Ne yazık ki, insanların çoğu tarihten yeterince ibret almamakta, atalarının peygamberlere ve getirdikleri vahye karşı gösterdikleri olumsuz tavrı sürdürmekte bu nedenle de dünyada ve ahirette azaba uğramaktadır.
Memleket: Böyle sosyal bir konuyu ele alırken Kur'an’ın nasıl bir üsluba sahip olduğunu fark ettiniz? Kur'an, işlediği konuları filozofların, mantıkçıların  işlediği tarzda mı ele alır? Bu anlamda kitabınızı hazırlarken güçlüklerle karşılaştınız mı?
Murat KAYACAN: Tarih boyunca peygamberler aracılığıyla insanlığa sunulan ilahi mesajlar dizisinin sonuncusu olan Kur'an-ı Kerim, insanlığın her iki dünya saadetini temin için gerekli dini ve dünyevi hükümleri ve yeterli genel ölçüleri ihtiva eden  bir kaynaktır. Kura'n-ı Kerim bu ölçüleri ortaya koyarken, mantıkçıların ve filozofların yaptığı gibi, düşünce ve ilkeleri soyut ve formel bir düzen içinde sunmaz. Aksine pratik kalıplar içinde dilsel ve somut bir sunuş örneği sergiler. Her sureye ve her bölüme işleyeceği konuları serpiştirir. Bütün bunları göz önünde bulundurduğumuz zaman bir araştırmacının, araştırma konusunun sınırlarını tayin etmede ne büyük zorluklarla karşı karşıya olduğunu anlarız.
Memleket: Kur'an-ı Kerim gerçekleri anlatırken önceki toplumların eylemlerini kullandığını biliyoruz. Bu konudaki bilgilerin Kur'an’daki yeri nedir?
Murat KAYACAN: Kur'an-ı Kerim’in ifade ettiği anlamları ve prensipleri anlamak, özellikle bu Kitab’ı insanlığa anlatmakla mükellef olan müminler için önemli bir konudur. Kur'an-ı Kerim, muhtevasındaki mana ve prensipleri sunarken insanlığın anlayabileceği bir ifade tarzı kullanmaktadır. Kur'an’daki bu üslubun en önemlisi ve hacim itibarıyla da büyük çoğunluğunu teşkil eden unsur olarak kıssaları görmekteyiz.
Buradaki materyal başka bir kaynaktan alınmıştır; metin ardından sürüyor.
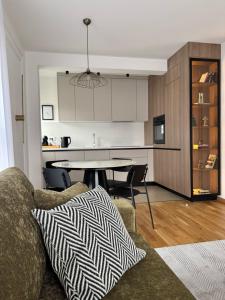 a living room and kitchen with a table and chairs at Boutique Apartment - Široki Brijeg in Široki Brijeg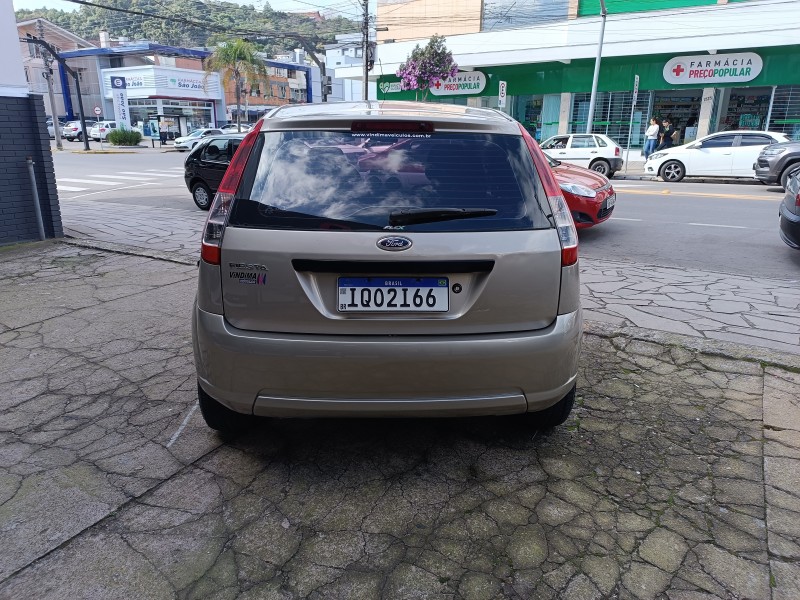 FIESTA 1.0 MPI TRAIL HATCH 8V FLEX 4P MANUAL - 2010 - FLORES DA CUNHA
Memleket: Çalışmanızda peygamber kelimesinin muhtevası hakkında bir şeyler söylediniz mi?
Murat KAYACAN: Kitabımızda amaçladığımız şey, Hz. Adem’den Hz. Muhammed (s)’e kadar geçen dönemde anlatılan olaylar içinde inkârcıların gösterdikleri ortak ve olumsuz tavırlar ile bunların sonuçlarını ortaya koymaktı. Takdir edileceği gibi böyle bir konuyu ele almak, Kur'an-ı Kerim’in peygamber kavramının içini nasıl doldurduğunu ortaya koymayı gerektirmektedir. Bu amaçla  giriş bölümünde nebi ve rasul kelimeleri ve aralarındaki ayrılmaz ilişkiyi ortaya koyduk.
Memleket: Ya toplumsal yasa anlamına gelen sünnetullah hakkında?
Murat KAYACAN: Tabi. Peygamberlik kavramının ardından da sünnetullah kavramını ele aldık. Toplumlar hakkındaki ilahî yasa anlamına gelen sünnetullah toplumların vahye karşı aldıkları tavrı ve karşılaştıkları akıbeti kapsayan bir kavramdır. Bu açıdan çalışmamızın temelini teşkil etmektedir. Çünkü eserimizdeki temel varsayım, zaman ve mekân değişikliğinin peygamberlere karşı olumsuz tavır içine girenlerin bakış açılarının değişmesine bir etkide bulunmadığı şeklindedir. Bu anlamda Hz. Nuh’a itiraz edenler, ileri gelenlerden oluşan kimselerken, zaman ya da mekan değişti diye Hz. Muhammed (s) döneminde onların yerini  fakir kimseler  almamıştır. Hz. Salih’ten mûcize istenildi diye insanoğlu, Hz. Musa döneminde bu isteğinden vazgeçmemiştir.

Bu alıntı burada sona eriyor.